Kto zwycięży w „Grze o tron"

Jeśli ktoś śledził wcześniej ten serial, po obejrzenia pierwszego odcinka czwartego sezonu, będzie usatysfakcjonowany. Kto nie znał dotąd „Gry o tron", po piętnastu minutach zacznie śledzić go z ogromnym zainteresowaniem. Premiera w poniedziałek w HBO.

Publikacja: 05.04.2014 16:52

Księźniczka Daenerys (Emilia Clarke)

Księźniczka Daenerys (Emilia Clarke)

Foto: HBO

„Gra o tron" to największy serialowy hit ostatnich lat. Kiedy wystartował w USA w 2011 r., w dniu premiery obejrzało go 2 mln widzów, a potem błyskawicznie pojawił się na ekranach telewizorów w prawie 40 krajach. Pierwszy odcinek czwartego sezonu Amerykanie obejrzą w niedzielę, 6 kwietnia, do Polski zawita dzień później.

Zobacz galerię zdjęć

Nowy sezon zaczyna się tak, że niekoniecznie trzeba znać przebieg wcześniejszych zdarzeń, by zorientować się w akcji. Już po kilku minutach wiadomo, że toczy się naprawdę krwawa i ostra gra o tron Siedmiu Królestw na kontynencie Westeros, który obecnie zajmują Lannisterowie. Po kolei na ekranie pojawiają się przedstawiciele tego rodu – przede wszystkim kostyczny i surowy ojciec Tywin, potem zaś jego dzieci: podstępna corka Cersei oraz jej brat Jaime. Krótka scena rozgrywająca się między nimi pozwala też  zrozumieć, że łączy ich kazirodczy związek, szczegółowo przedstawiony w poprzednich sezonach.

Jest też oczywiście młodszy syn Tywina, karzeł Tyrion, który wyrósł na głównego bohatera serialu. Peter Dinklage gra go bowiem brawurowo, pokazując, że podłość i wyrachowanie może w człowieku mieszać się z uczciwością i honorem. A kolejnym Lannisterem jest obecny król — zimny, cyniczny i okrutny nastolatek Joffrey.
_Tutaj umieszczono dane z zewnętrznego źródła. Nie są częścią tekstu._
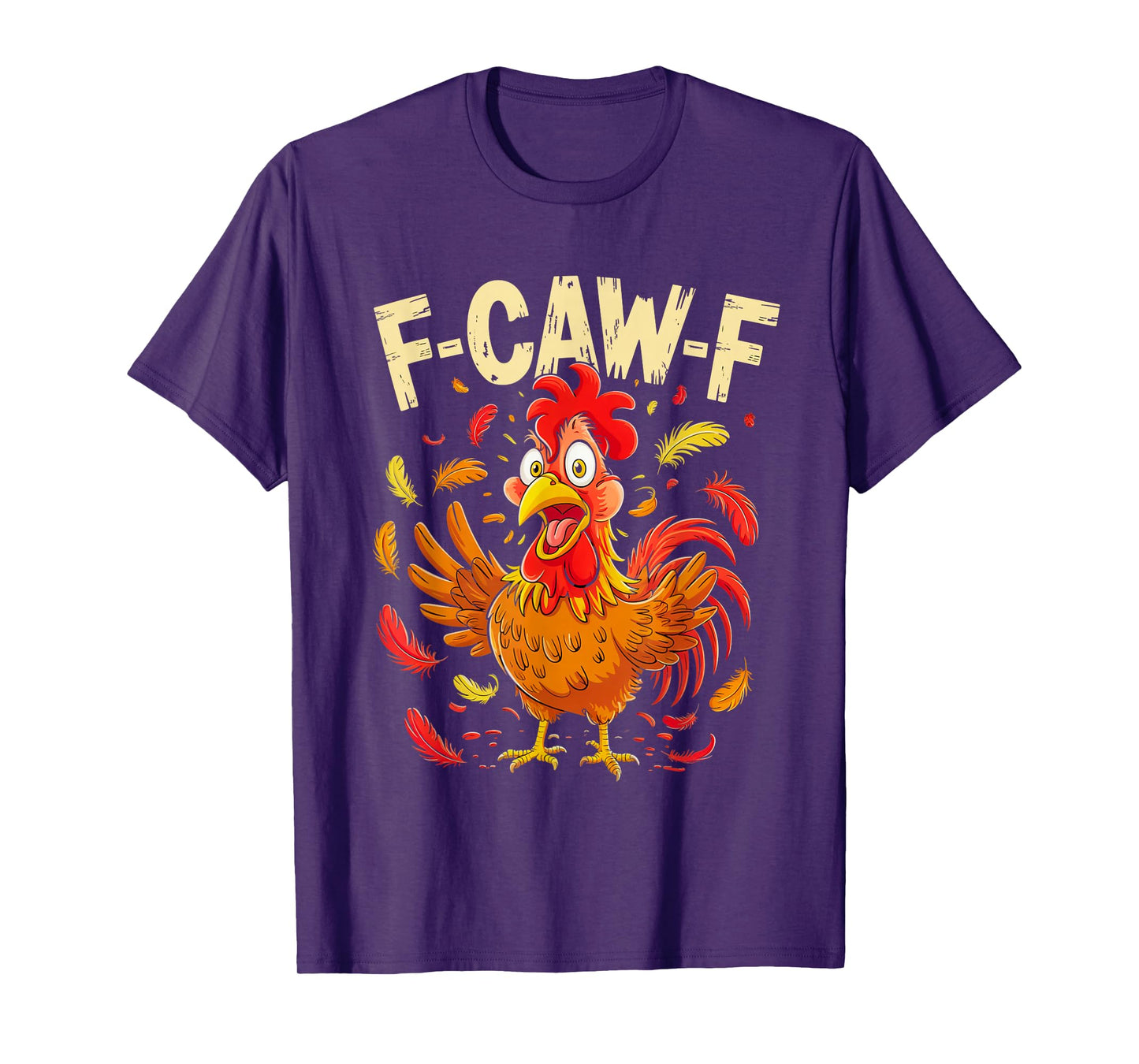 Funny F-Caw-F FCAWF Chicken Adult Humor Rooster Quote Meme T-Shirt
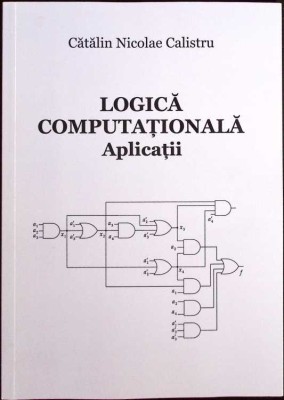 LOGICA COMPUTATIONALA. APLICATII-CATALIN NICOLAE CALISTRU-259456 foto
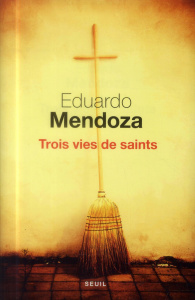 Trois vies de saints - Mendoza Eduardo ; Maspero François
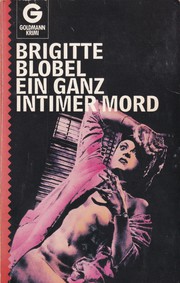 Cover of: Ein ganz intimer Mord: Kriminalroman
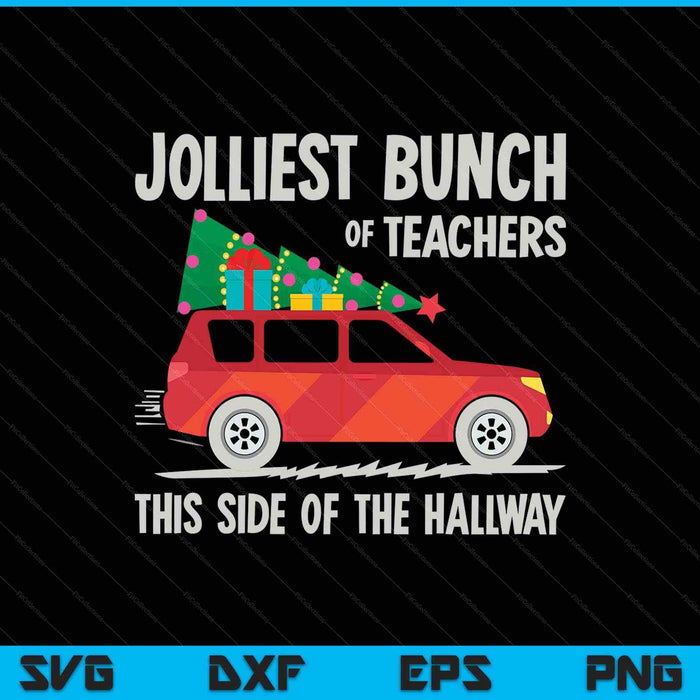 Jolliest Bunch Of Teachers This Side Of The Hallway SVG PNG Digital Printable Files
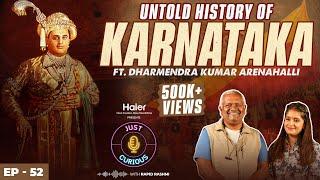 Dharmendra Kumar-History of Karnataka, Mysore Kingdom, KRS DAM, Unknown Facts About Bangalore & More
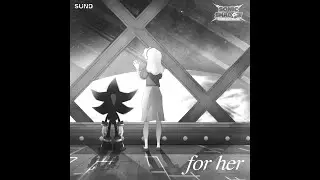 For Her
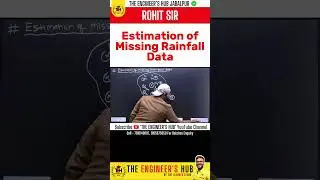 Estimation of Missing Rainfall Data | Hydrology | Civil Engineering | GATE SSC JE | Rohit Sir#ssc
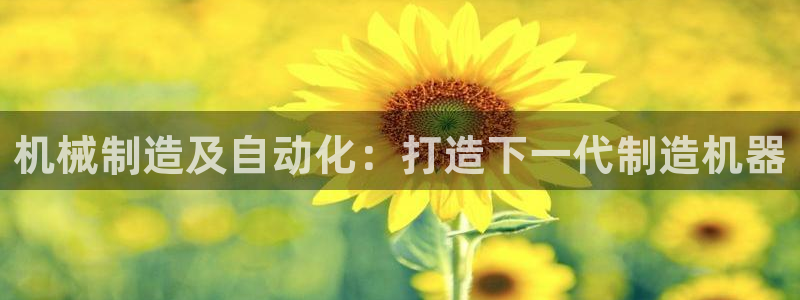 彩神8官网下：机械制造及自动化：打造下一代制造机器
Żeby fani serialu nie byli znużeni tym wprowadzaniem dobrze znanych bohaterów, niemal od pierwszych minut pojawia się postać zupełnie nowa, książę Dorne. Ma on powody, by nienawidzić Lannisterów. I zapewne w kolejnych odcinkach włączy się do gry o tron, tym bardziej, że w trzecim sezonie wyginęli niemal wszyscy przedstawiciele rodu Starków, który najostrzej walczył z Lannisterami. W odwodzie jest też wciąż piękna Daenerys, córka poprzedniego władcy Siedmiu Królestw, która z trzema smokami oraz pozyskaną armią wraca z wygnania do ojczyzny.
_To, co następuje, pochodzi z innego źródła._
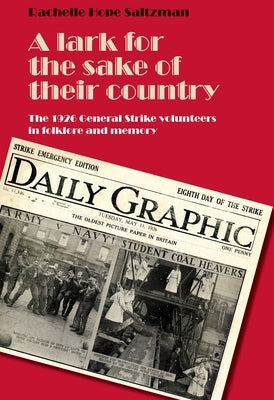 A Lark for the Sake of Their Country: The 1926 General Strike Volunteers in Folklore and Memory by Saltzman, Rachelle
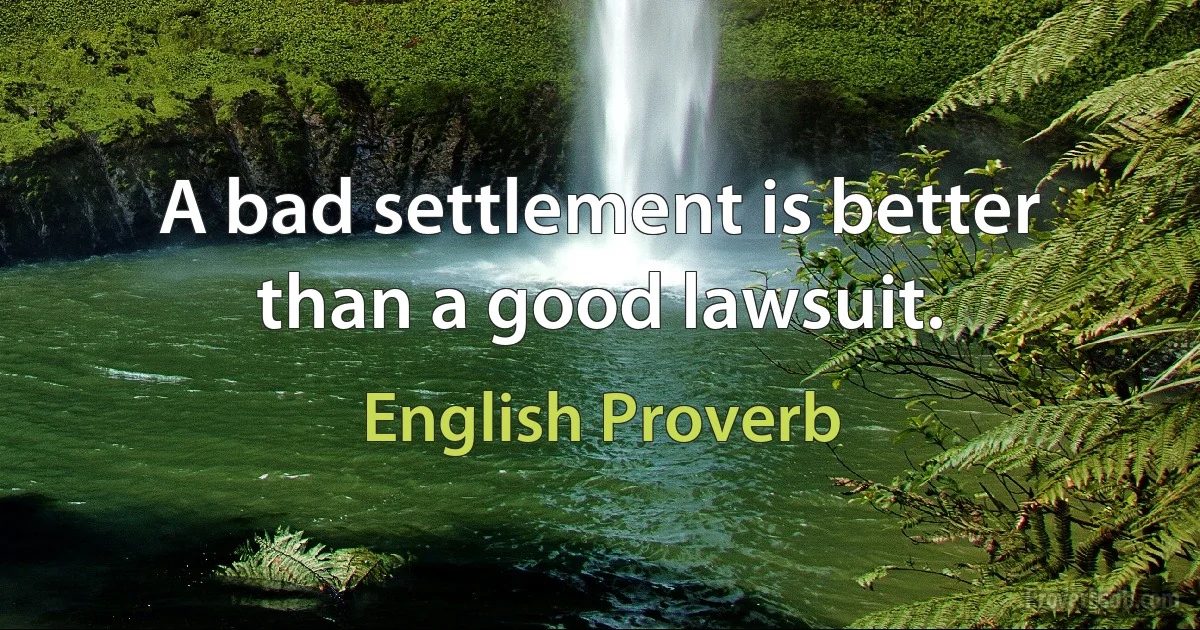 A bad settlement is better than a good lawsuit. (English Proverb)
Akcja wielotomowej powieściowej sagi „Pieśni lodu i ognia" George'a R. R. Martina, która zamieniła się w serial, rozgrywa się w nieistniejącym świecie. Cykl Martina (pierwszy tom sagi dał tytuł całemu serialowi) należy do popularnego gatunku fantasy, ale w przeciwieństwie do wielu innych powieści z tego nurtu, mocno wyrasta z historii prawdziwej. W burzliwych dziejach Siedmiu Królestw możemy znaleźć odniesienia, a przede wszystkim klimat średniowiecznej Wojny Dwóch Róż, jaka w latach 1455-1485 przetoczyła się przez Anglię. Była to walka o władzę pomiędzy dwoma rodami: Lancasterów (mających w herbie różę czerwoną) oraz Yorków (różę białą).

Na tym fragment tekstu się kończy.